[Work instructions]: Each record below should be output verbatim, without pictures.

>>>

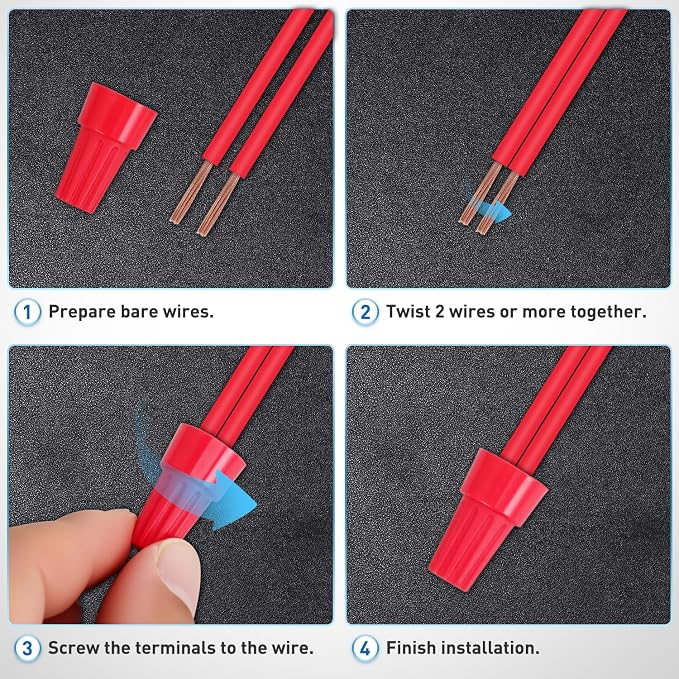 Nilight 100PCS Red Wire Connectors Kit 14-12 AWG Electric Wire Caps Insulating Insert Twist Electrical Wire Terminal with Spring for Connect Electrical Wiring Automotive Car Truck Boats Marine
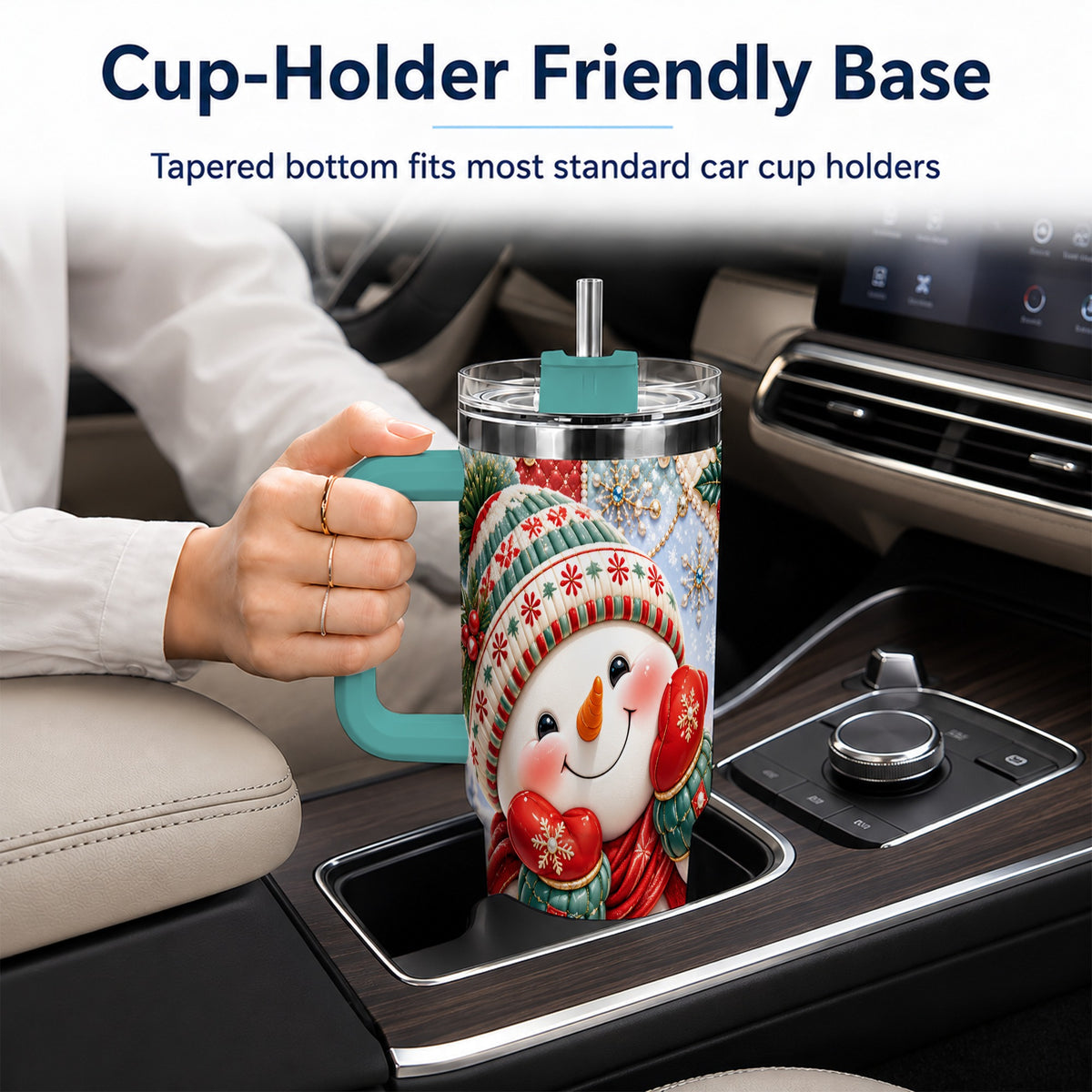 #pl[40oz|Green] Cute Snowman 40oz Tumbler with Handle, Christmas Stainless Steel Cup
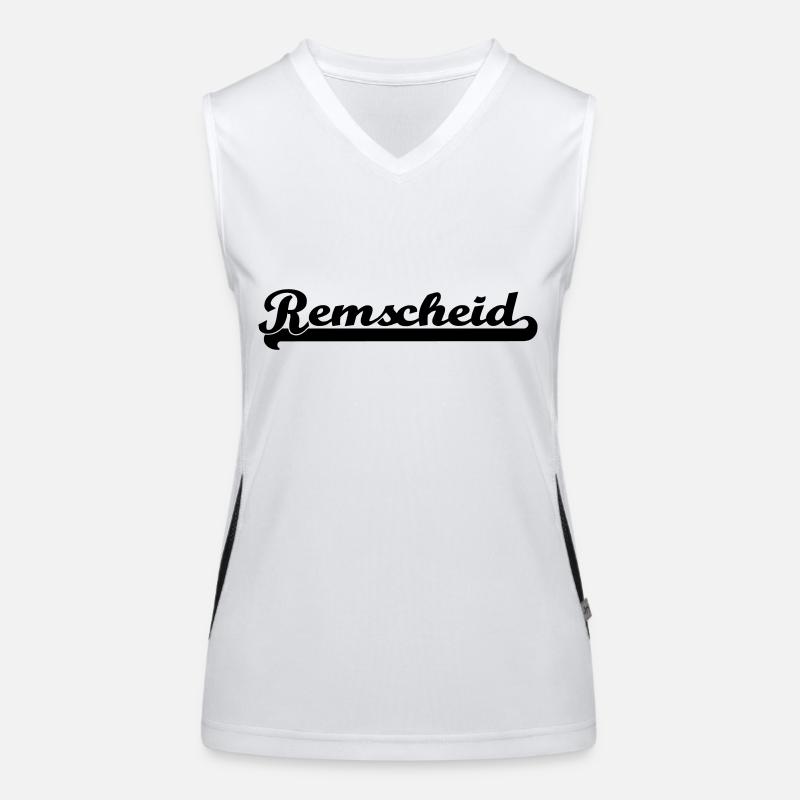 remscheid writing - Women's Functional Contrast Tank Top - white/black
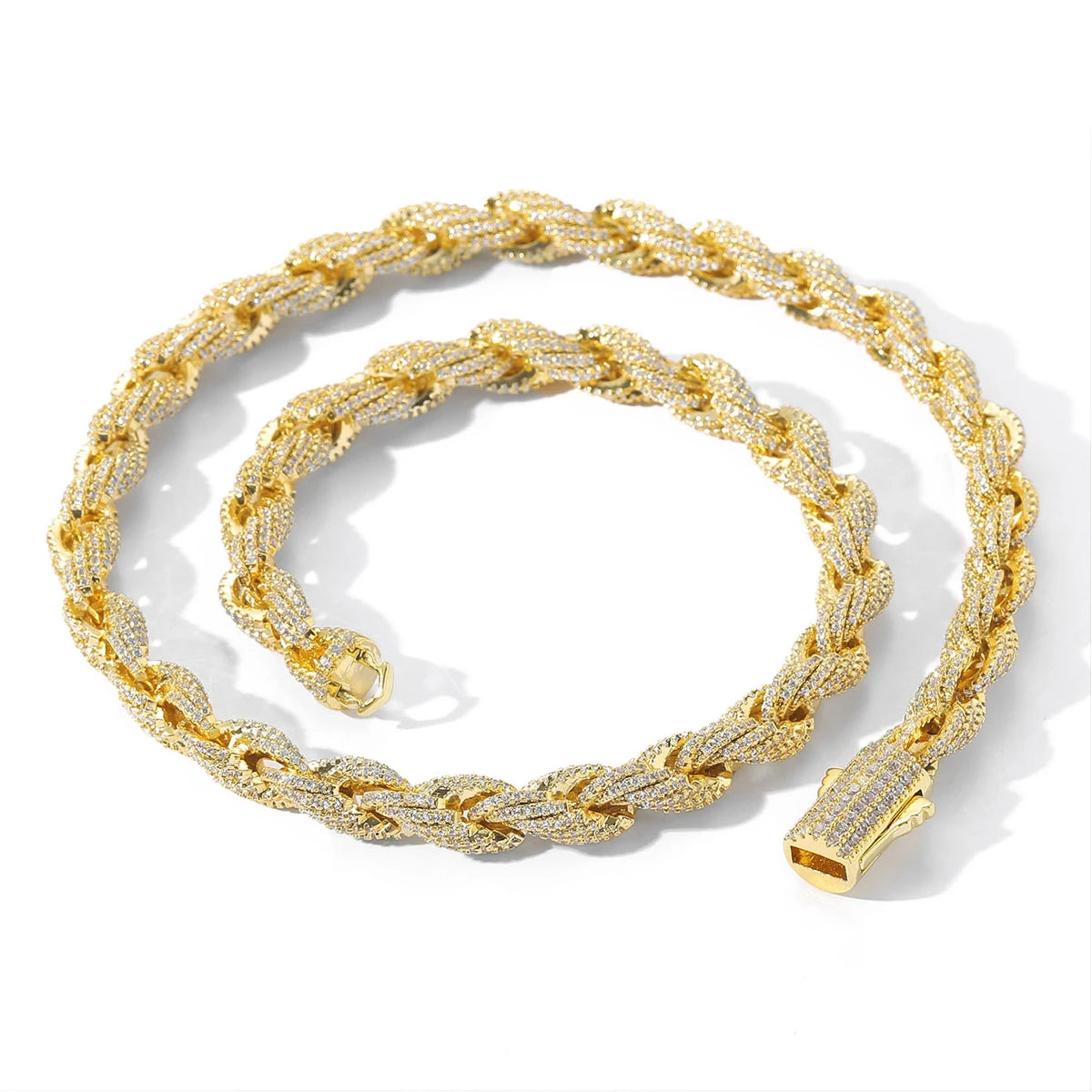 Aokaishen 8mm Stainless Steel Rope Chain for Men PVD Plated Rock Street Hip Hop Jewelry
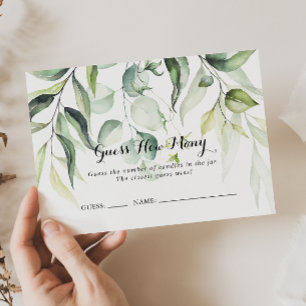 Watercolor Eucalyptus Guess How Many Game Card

<<<

[Expected answer]:
 Nilight 100PCS Red Wire Connectors Kit 14-12 AWG Electric Wire Caps Insulating Insert Twist Electrical Wire Terminal with Spring for Connect Electrical Wiring Automotive Car Truck Boats Marine
 #pl[40oz|Green] Cute Snowman 40oz Tumbler with Handle, Christmas Stainless Steel Cup
 remscheid writing - Women's Functional Contrast Tank Top - white/black
 Aokaishen 8mm Stainless Steel Rope Chain for Men PVD Plated Rock Street Hip Hop Jewelry
 Watercolor Eucalyptus Guess How Many Game Card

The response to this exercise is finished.